SHANGORIL LA RECORDS
“Guide to Bizarre Behavior Vol. 2



So are you a label or an artist, ShanGORIL La Records? I must know. I have very little patience for research (as everybody should be aware of by now), so if my gratification is not instant and hand-delivered, I say good day. But here’s the thing: I can’t just say good day to you, ShanGORIL La Records, because Guide to Bizarre Behavior Vol. 2, the follow-up to the first entry by that name, obviously, is too weird and engaging to pass off with an annoyed shrug directed at my own ignorance. ShanGORIL La Records, I think you’re the one I’ve been searching for all my life…

Well, at least since the dissolution of the late, great The Fire Show. Anyone remember The Fire Show? Their music felt like it was piped in from another planet, with the vocals hovering over the music as if the two had barely been composed by the same people. It was exciting and new, intoxicating and full of possibility. I get the same feeling from ShanGORIL La Records, here represented on tape as the trio of Brian Bromberg, Suzy Creamcheese, and Ray Bong (but not Ray Dawn Bong). (And yeah, anybody who makes weird music and references Zappa is aces in my book.)

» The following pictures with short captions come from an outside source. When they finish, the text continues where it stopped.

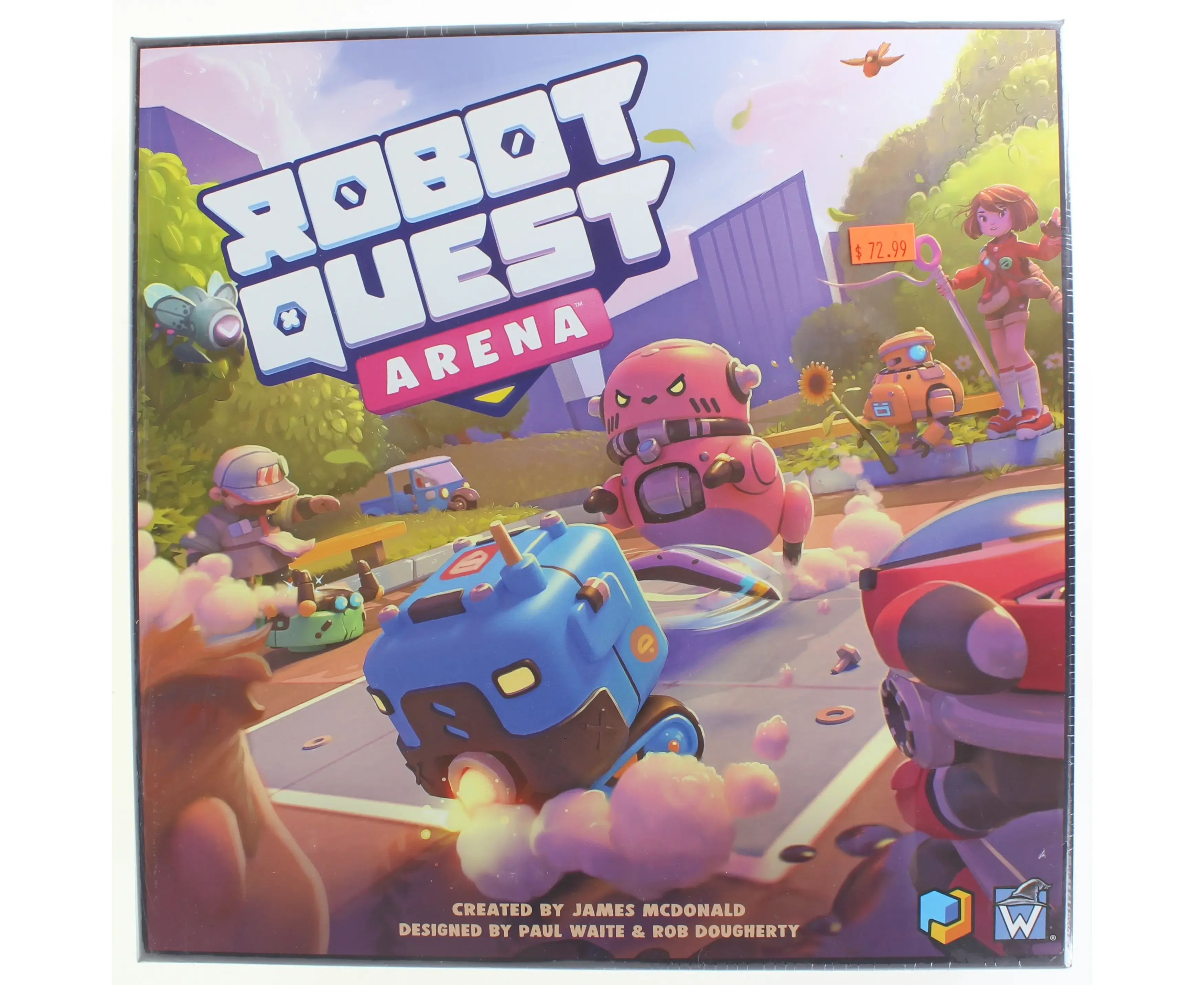 Robot Quest Arena cover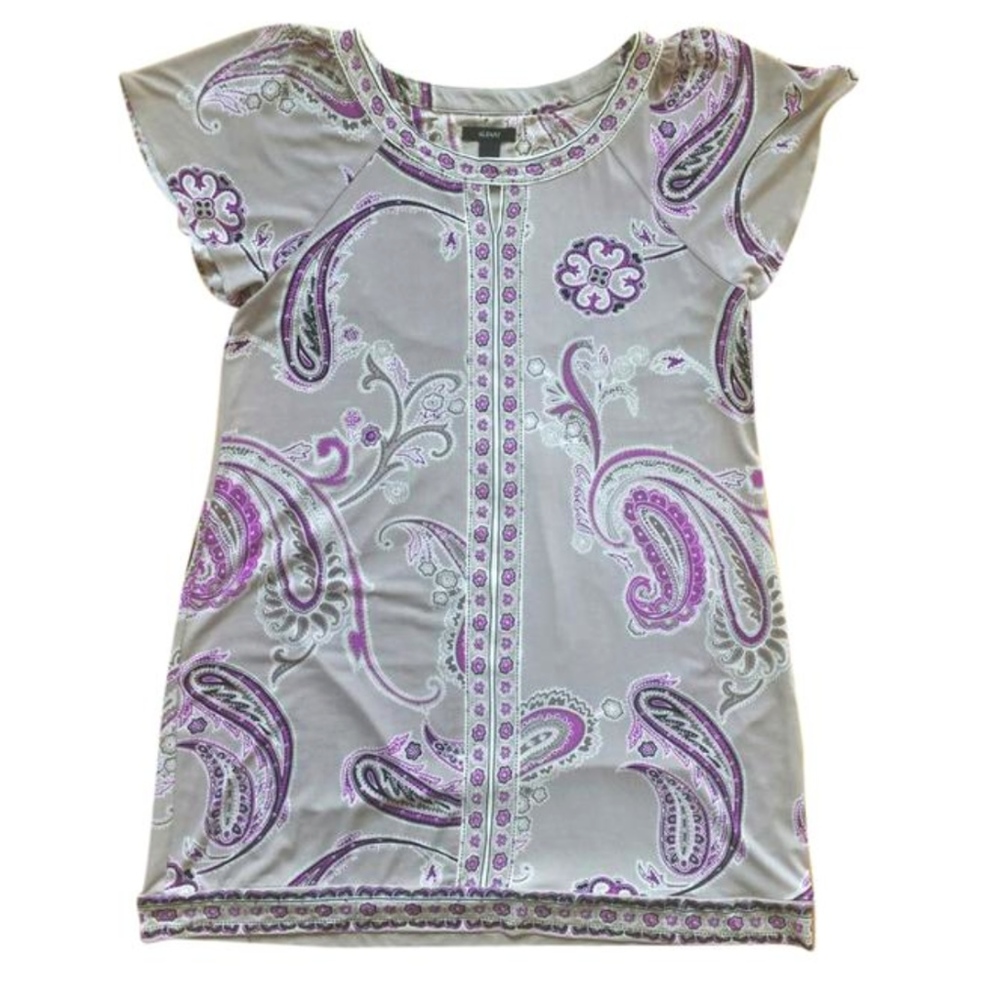 ✨SALE!✨Alfani Paisley Tunic/Mini-dress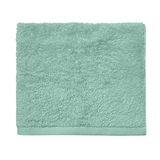 Essix - Effen katoenen gastendoekje 30 x 50 cm - Aqua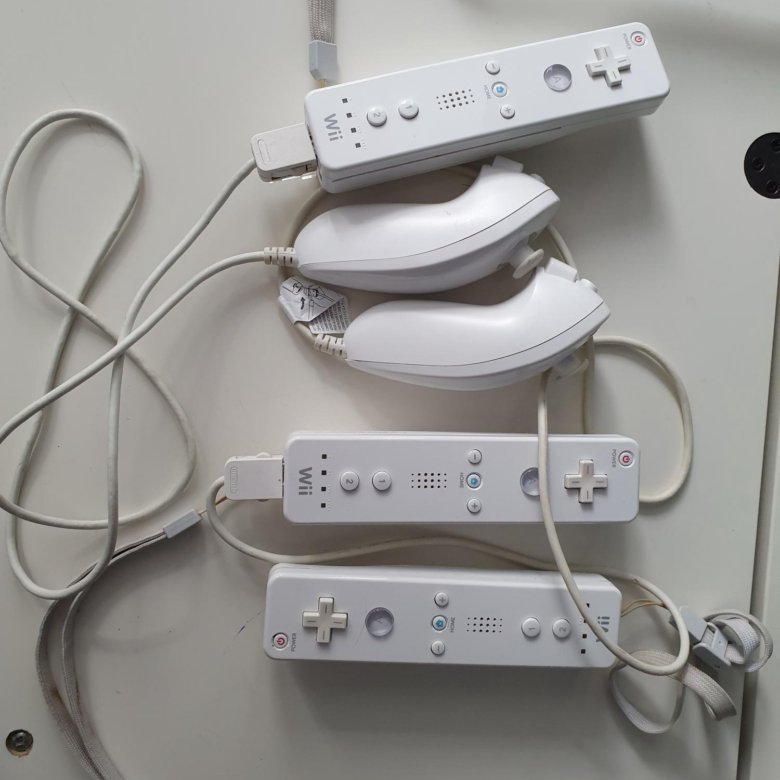 Джойстики Nintendo wii – купить в Москве, цена 1 300 руб., продано 27 ...
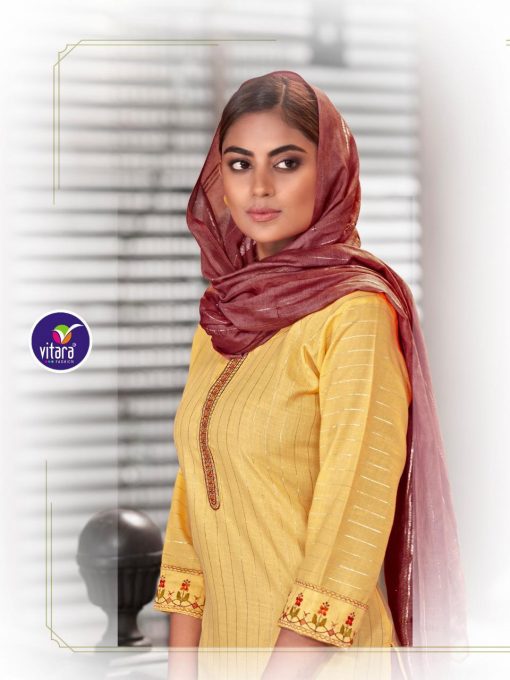 Vitara Gulzar Kurti with Dupatta Bottom Wholesale Catalog 6 Pcs 7 510x680 - Vitara Gulzar Kurti with Dupatta Bottom Wholesale Catalog 6 Pcs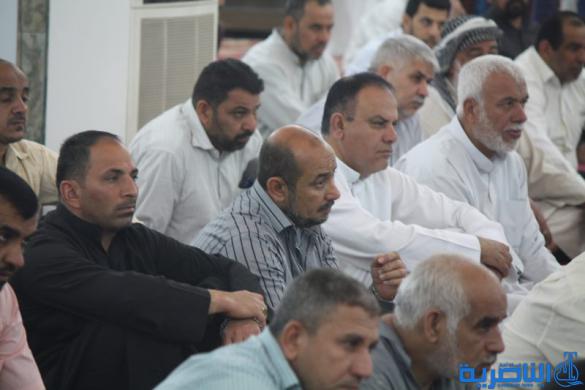 صلاة الجمعة في مدينة الناصرية - تقرير صوتي مصور-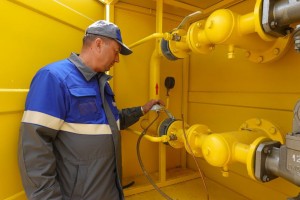 В Приволжском районе ввели в эксплуатацию газопровод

What sets these crazy cats apart is that they’re clearly trying to make music accessible in a pop way, but they’re running it through some Picasso-esque scramble filter and applying a thick sheen of Zappa-esque psychedelic humor. (There’s ol’ Frank again.) No two songs sound the same, and some feel like sketches instead of true songs. All of it combines into a wild, uncompromising whole, with surprises and unexpected detours appearing almost constantly. The whole thing, actually, feels like a surprise detour into some kind of space madness. It’s hard not to get the Lewis Carroll jitters when the vocalist (Brian?) bellows in an affected accent, “Justin Timberlake is my butler!” So it doesn’t matter whether this tape is a manifestation of the record label or a song cycle by a collective intent to mess with my head (just like Coconut Records – Jason Schwartzman, you bastard!), I can’t escape its magnetism. It’s like the donkey on the cover is stepping on my neck while I listen, and not letting me up! (Not that I want to get up, I’m comfortable.)